**Task statement:**
Copy the records below exactly, from the line containing "P-kuraru sac robe 사크 로브 부착 원피스 BLACK" through the last line, and leave out every picture.
───── The records ─────
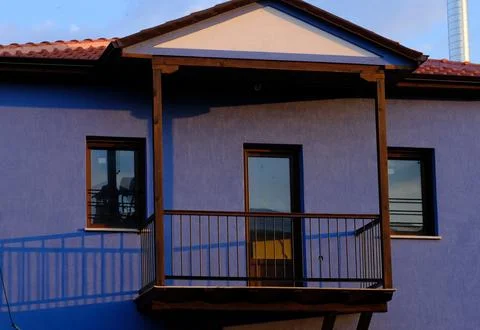 Beautiful elements of architecture and views of Arnaia Foto stock
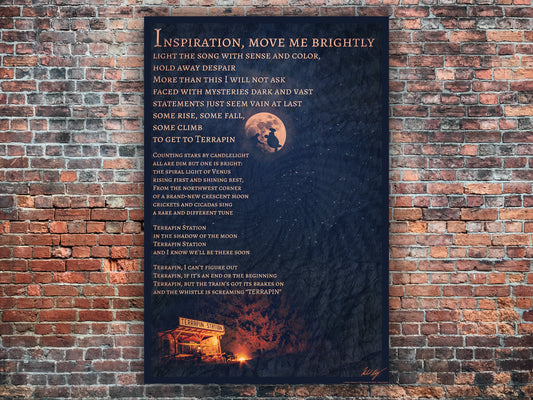 Terrapin Station Terrapin Station Medley Poster Grateful Dead Lyric Art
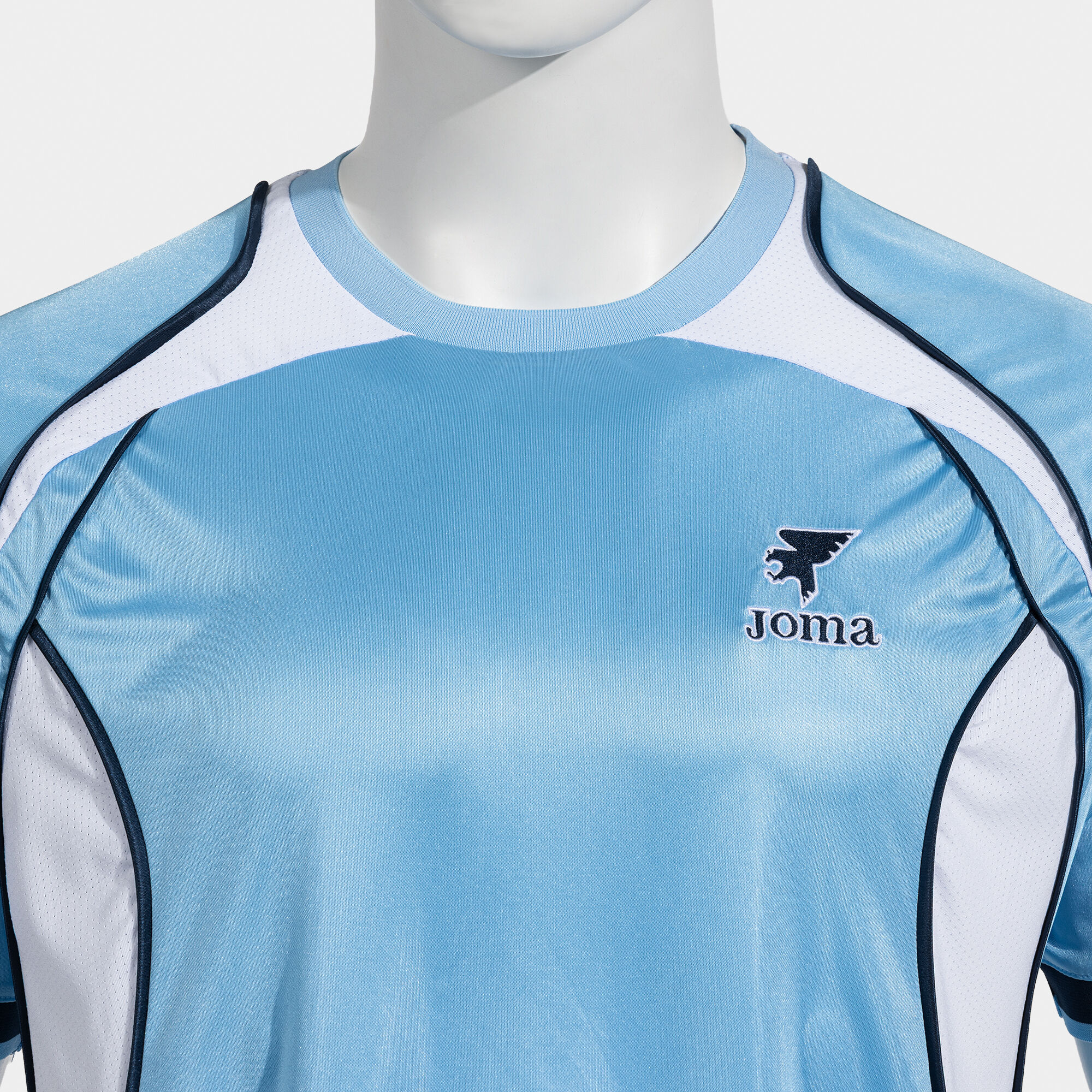 Shirt short sleeve man Futbol Retro Mundial sky blue white | JOMA®
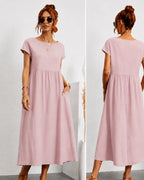 Sandra | Gabriela™ — Vestido Fluido para una Elegancia Atemporal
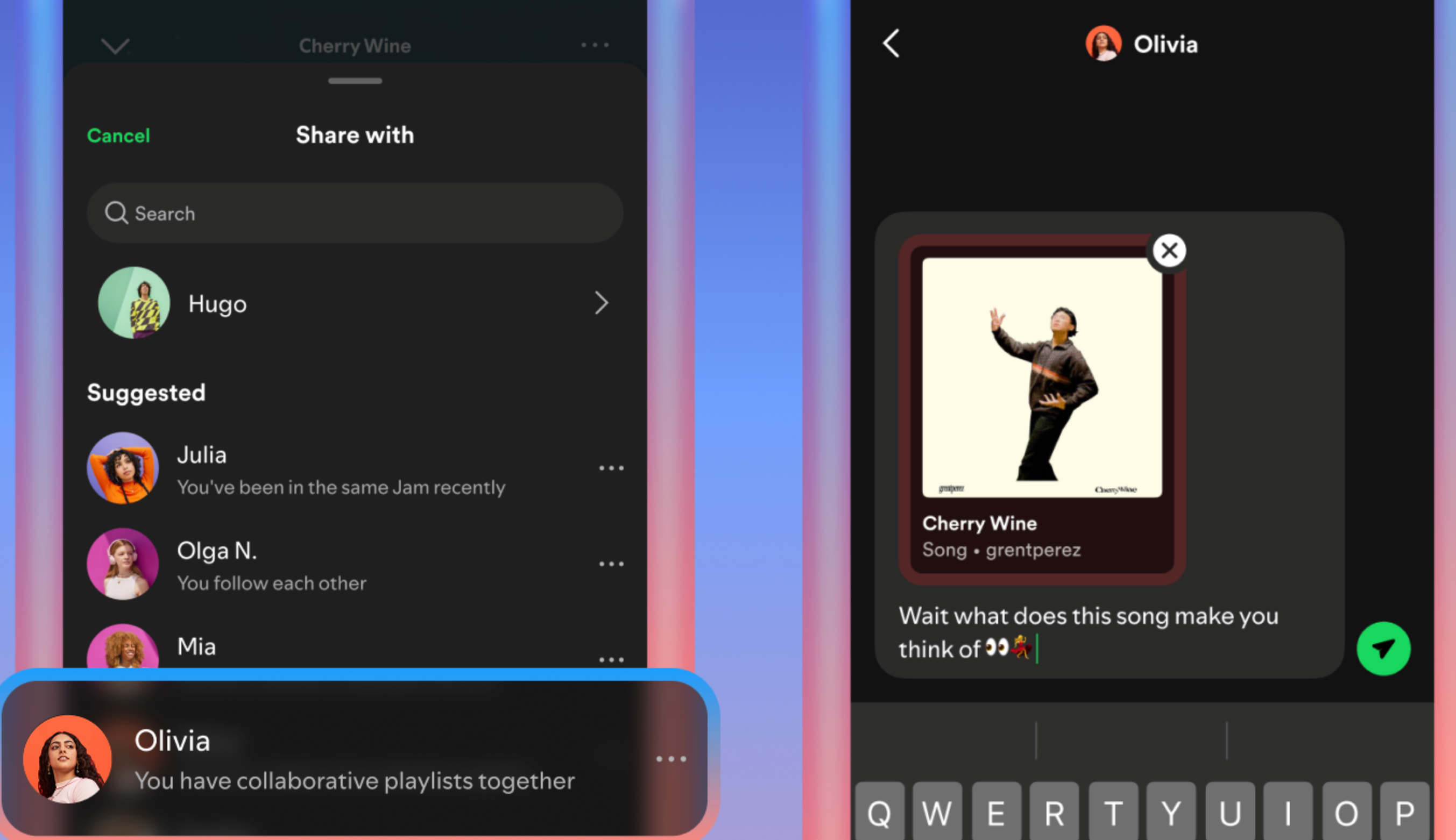 On ne l'a pas vu venir : Spotify lance sa messagerie pour mélomanes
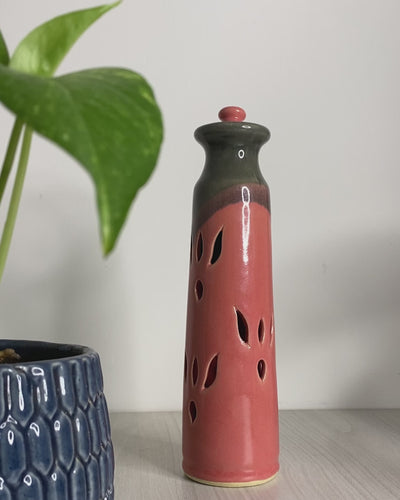 Flamingo Pink Handmade Incense Stand & Incense Sticks Agarbatti Combo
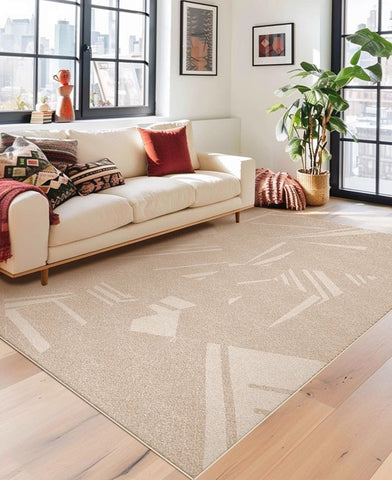 Large Modern Rugs for Living Room, Contemporary Modern Rugs for Bedroom, Extra Large Geometric Modern Rugs for Dining Room-Art Painting Canvas
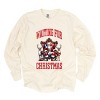 Simply Sage Market Waiting For Christmas Vintage Garment Dyed Long Sleeve - XL - Ivory - 2 of 4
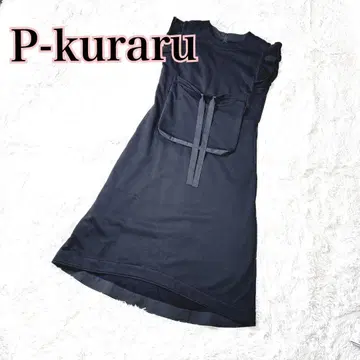 P-kuraru sac robe 사크 로브 부착 원피스 BLACK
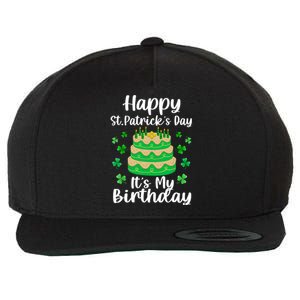 Happy St. Patrick's Day It's My Birthday Shamrock Irish Wool Snapback Cap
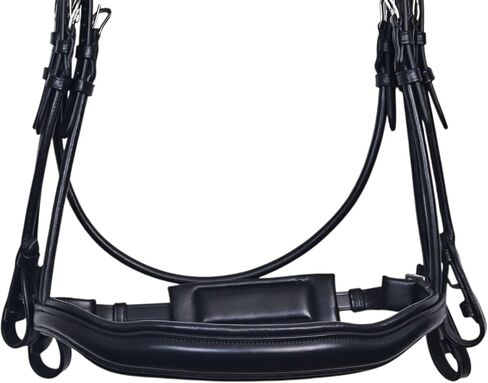 Western Leather Bitless Snaffle Bridle for Horses English Jumping Bridle with Browband,Removable Noseband, Rubber Reins, Headstall Equestrian Sports Accessories in Various Size Color Pattern in Saudi Arabia
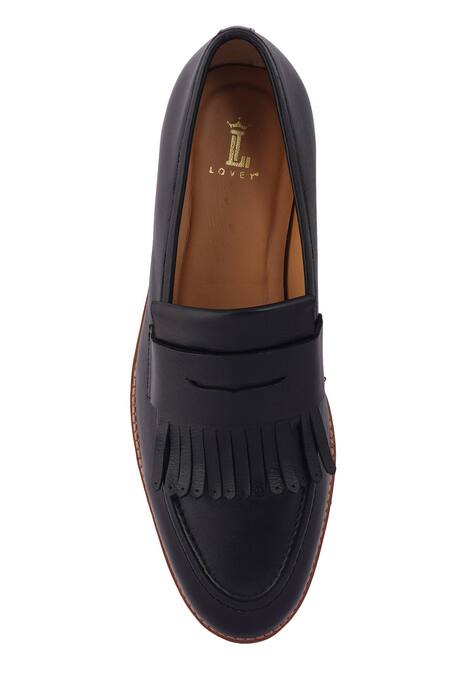 Buy_Lovey_Black Pablo Fringed Tassel Embellished Shoes 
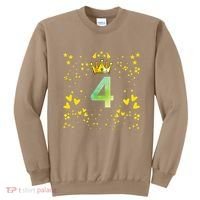 4th Birthday Anniversaries Sweatshirt thumb 0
─────
**Solution:**
 P-kuraru sac robe 사크 로브 부착 원피스 BLACK
 Happy St. Patrick's Day It's My Birthday Shamrock Irish Wool Snapback Cap
 Western Leather Bitless Snaffle Bridle for Horses English Jumping Bridle with Browband,Removable Noseband, Rubber Reins, Headstall Equestrian Sports Accessories in Various Size Color Pattern in Saudi Arabia
 Buy_Lovey_Black Pablo Fringed Tassel Embellished Shoes 
 4th Birthday Anniversaries Sweatshirt thumb 0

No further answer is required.